Bom, basicamente estamos à mercê do espaço. Se uma tempestade solar nos deixará de volta à Idade Média, há pouco a se fazer. Se um asteroide gigante do apocalipse se aproxima, há ainda menos o que se fazer. 

Satélites e astronautas estão ainda mais expostos do que a Terra. (NASA).

Tudo o que podemos fazer é estudar o Sol para tentar se prever as tempestades solares. Uma das saídas que a NASA propõe é a preparação das redes elétricas pelas empresas de concessão. Ao detectar uma tempestade, as empresas deveriam desligar todas as redes elétricas em questão de minutos e, dessa forma, minimizar os danos.

Em 2003, grandes tempestades solares atingiram a Terra.

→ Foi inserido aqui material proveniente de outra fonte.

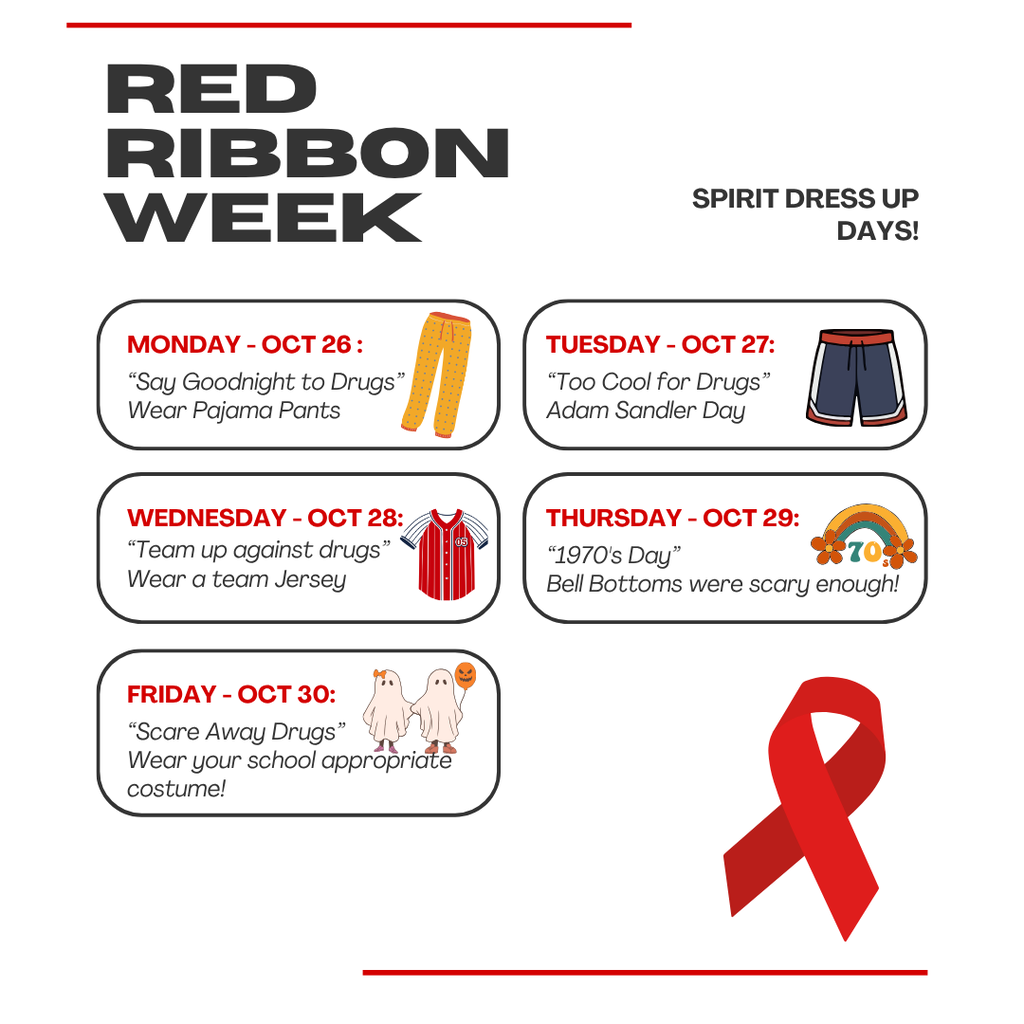 Red Ribbon Week Spirit Dress up days! Monday - Oct 26 : Friday - Oct 30: Wednesday - Oct 28: Tuesday - Oct 27: Thursday - Oct 29: “Say Goodnight to Drugs” Wear Pajama Pants “Scare Away Drugs” Wear your school appropriate costume! “Team up against drugs” Wear a team Jersey “Too Cool for Drugs” Adam Sandler Day “1970's Day” Bell Bottoms were scary enough!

As pessoas chamaram de Tempestades de Halloween, pela época que chegaram. Por duas semanas, comunicações sem fio sofreram interferências ou até mesmo foram impossibilitadas. Naquela época, a Suécia enfrentou frequentes quedas de energia. Além disso, a tempestade danificou diversos satélites. 

Em 2001 ocorreu a maior tempestade já registrada na história, ainda mais forte do que de 1859. Por sorte ela não atingiu a Terra.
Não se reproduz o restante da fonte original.